### WORK INSTRUCTIONS
Every line of the material is to be returned verbatim. Pictures stay out.

### INFORMATION PROVIDED
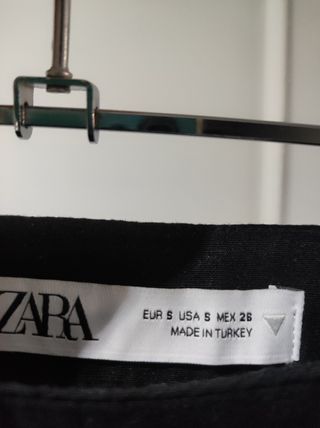 Minifalda negra Zara
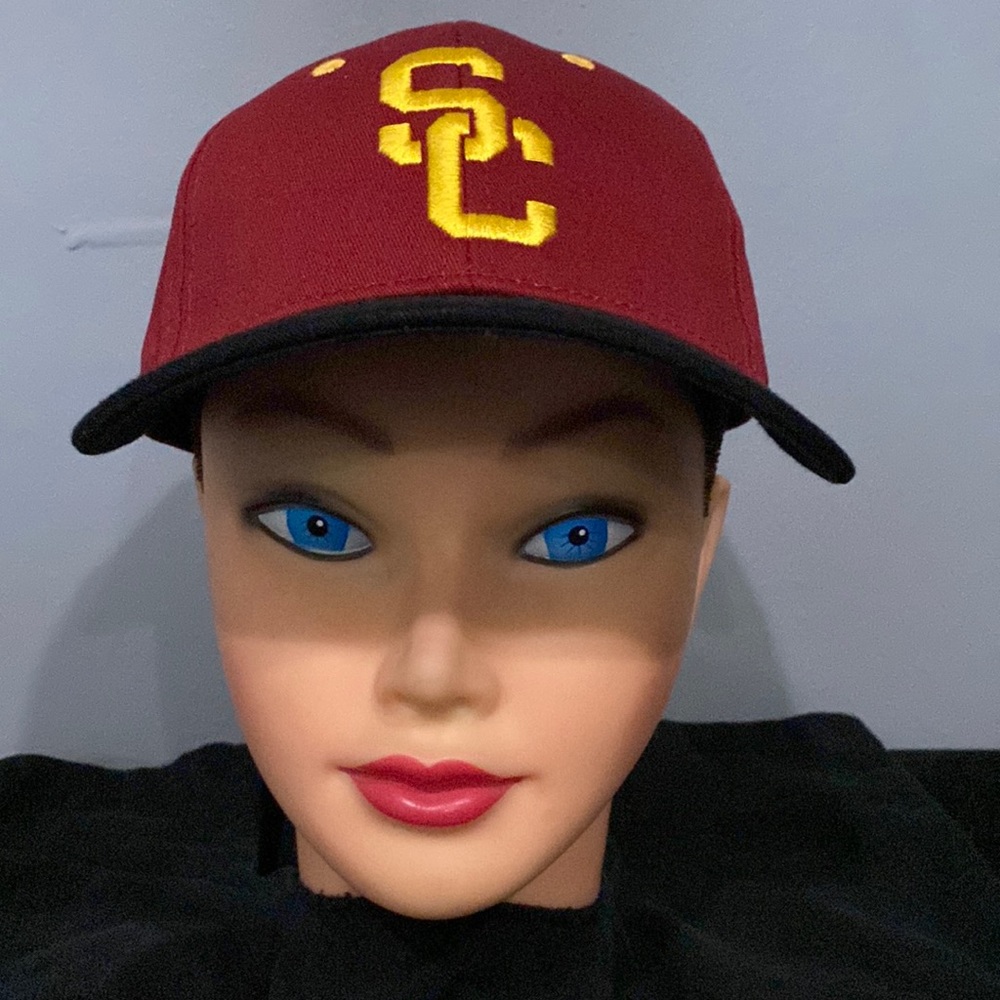 USC “California Strong” Adjustable Cap. Never Worn!
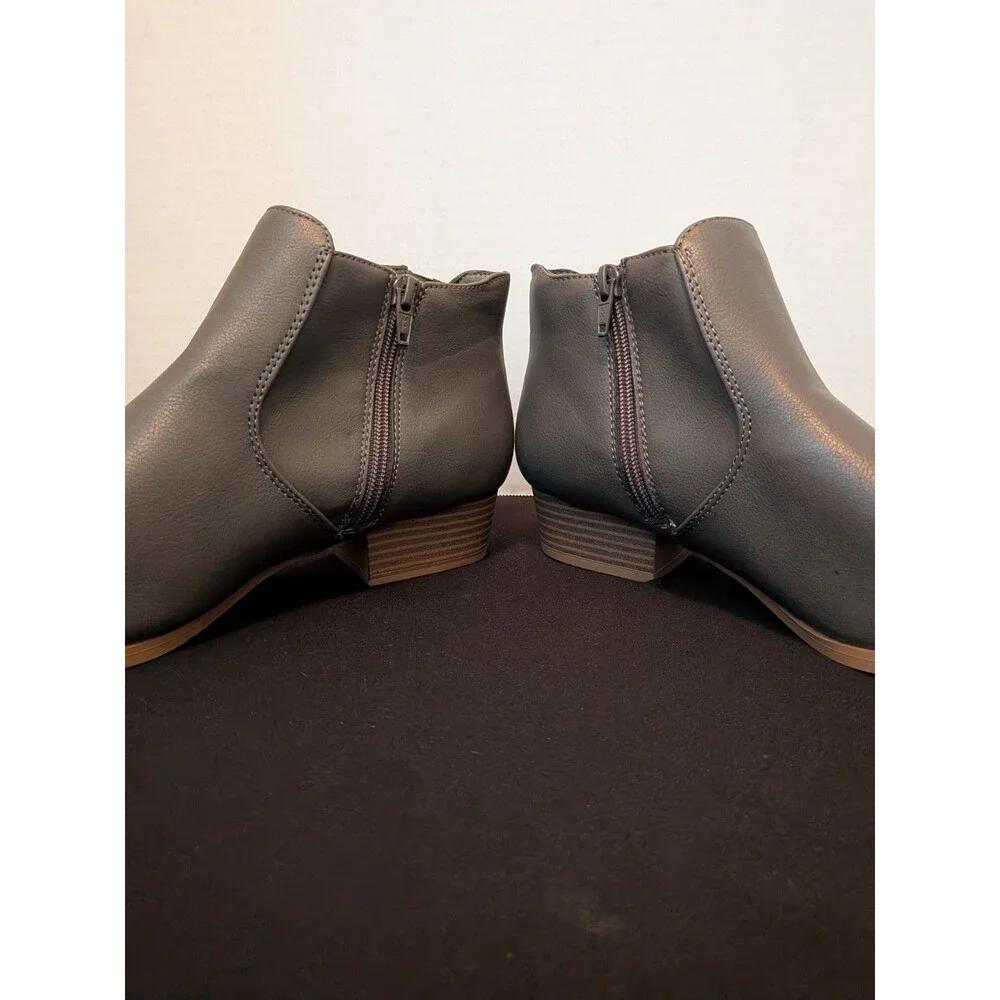 Croft & Barrow Ankle Boots Womens Size 9 Batterstone Chelsea Style Zip Up Short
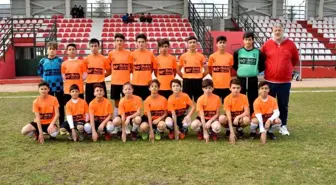 Gürsu Belediyespor U14 Takımı Nâmağlup Şampiyon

### EXERCISE RESPONSE
 Minifalda negra Zara
 USC “California Strong” Adjustable Cap. Never Worn!
 Croft & Barrow Ankle Boots Womens Size 9 Batterstone Chelsea Style Zip Up Short
 Gürsu Belediyespor U14 Takımı Nâmağlup Şampiyon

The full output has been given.